You can coast in a lot of jobs at Google and Microsoft (speaking from experience). It was a bit of a trap for me though, and wasn't a great feeling coasting though as I wanted to build / achieve things.
Any tips on how to get placed on these coast teams at FAANG? I'm currently working on a side project and it would be awesome to have a FAANG-income working 20-30 hours a week so I can grind on my project w/o having to sacrifice my savings.
For me it was time and luck. Some patterns I have noticed:
1. Product groups suck. Avoid those unless you want to feel the burn.
2. Avoid sales engineering where you are either billable, have targets or have a million customers.
3. Find a group/area going through lots of growth (cloud is the spotGCP/Azure/AWS). It's much easier to ride the macro waves. Avoid groups with lots of competition/in-fighting.

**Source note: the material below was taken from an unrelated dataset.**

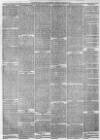 Paisley Herald and Renfrewshire Advertiser Saturday 29 January 1870 Page 3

4. Make friends and be good company. People prefer good company over good workers.
5. The longer your tenure, the more likely you are able to engineer whatever role you want to have. You will also have the network to support you.
The perception these companies has created is totally bullshit and you are self selecting yourself out.
Although these companies create artificially high barriers, most of the work is pretty ordinary and my colleagues are pretty ordinary too. That's totally OK because people would be very unsatisfied and leave if they were working too long below their ability/aspiration.
Sure, there are the big throbbing brains here and there but that's maybe a few percent. Most SWEs are just stringing APIs together, doing boring YAML work or whiling away their days in meetings.
Wow, that's a bingo on my day today. Literally started with a meeting, did some API integration work, and fiddled with YAML a bit. Just a run of the mill small healthcare software company, but there's work to do and the people/leadership are pretty good, so I can't complain.